■ AIM OF THE EXERCISE ■
Each line of the data should be duplicated precisely.

■ LISTED RECORDS ■

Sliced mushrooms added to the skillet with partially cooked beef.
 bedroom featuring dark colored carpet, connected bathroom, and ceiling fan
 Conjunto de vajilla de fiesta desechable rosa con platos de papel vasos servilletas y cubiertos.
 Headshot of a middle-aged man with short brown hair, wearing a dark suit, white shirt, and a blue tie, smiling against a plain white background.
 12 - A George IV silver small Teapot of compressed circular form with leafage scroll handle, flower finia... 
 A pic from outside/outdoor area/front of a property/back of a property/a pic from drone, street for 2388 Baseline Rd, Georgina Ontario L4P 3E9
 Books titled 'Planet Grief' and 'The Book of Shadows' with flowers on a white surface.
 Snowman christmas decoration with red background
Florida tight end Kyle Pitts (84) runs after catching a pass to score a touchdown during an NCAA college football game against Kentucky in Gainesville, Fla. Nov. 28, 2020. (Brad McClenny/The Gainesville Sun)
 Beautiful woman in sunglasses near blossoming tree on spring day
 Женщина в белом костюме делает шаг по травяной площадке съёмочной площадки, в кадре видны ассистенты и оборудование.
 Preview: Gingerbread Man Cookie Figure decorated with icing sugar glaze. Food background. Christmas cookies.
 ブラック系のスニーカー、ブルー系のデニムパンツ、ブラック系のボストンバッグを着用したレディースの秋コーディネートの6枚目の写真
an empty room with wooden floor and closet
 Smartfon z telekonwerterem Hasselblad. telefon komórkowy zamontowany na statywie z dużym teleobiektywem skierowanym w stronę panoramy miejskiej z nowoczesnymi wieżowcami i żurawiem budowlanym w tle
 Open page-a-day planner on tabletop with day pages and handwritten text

■ WRITTEN ANSWER ■
Sliced mushrooms added to the skillet with partially cooked beef.
 bedroom featuring dark colored carpet, connected bathroom, and ceiling fan
 Conjunto de vajilla de fiesta desechable rosa con platos de papel vasos servilletas y cubiertos.
 Headshot of a middle-aged man with short brown hair, wearing a dark suit, white shirt, and a blue tie, smiling against a plain white background.
 12 - A George IV silver small Teapot of compressed circular form with leafage scroll handle, flower finia... 
 A pic from outside/outdoor area/front of a property/back of a property/a pic from drone, street for 2388 Baseline Rd, Georgina Ontario L4P 3E9
 Books titled 'Planet Grief' and 'The Book of Shadows' with flowers on a white surface.
 Snowman christmas decoration with red background
Florida tight end Kyle Pitts (84) runs after catching a pass to score a touchdown during an NCAA college football game against Kentucky in Gainesville, Fla. Nov. 28, 2020. (Brad McClenny/The Gainesville Sun)
 Beautiful woman in sunglasses near blossoming tree on spring day
 Женщина в белом костюме делает шаг по травяной площадке съёмочной площадки, в кадре видны ассистенты и оборудование.
 Preview: Gingerbread Man Cookie Figure decorated with icing sugar glaze. Food background. Christmas cookies.
 ブラック系のスニーカー、ブルー系のデニムパンツ、ブラック系のボストンバッグを着用したレディースの秋コーディネートの6枚目の写真
an empty room with wooden floor and closet
 Smartfon z telekonwerterem Hasselblad. telefon komórkowy zamontowany na statywie z dużym teleobiektywem skierowanym w stronę panoramy miejskiej z nowoczesnymi wieżowcami i żurawiem budowlanym w tle
 Open page-a-day planner on tabletop with day pages and handwritten text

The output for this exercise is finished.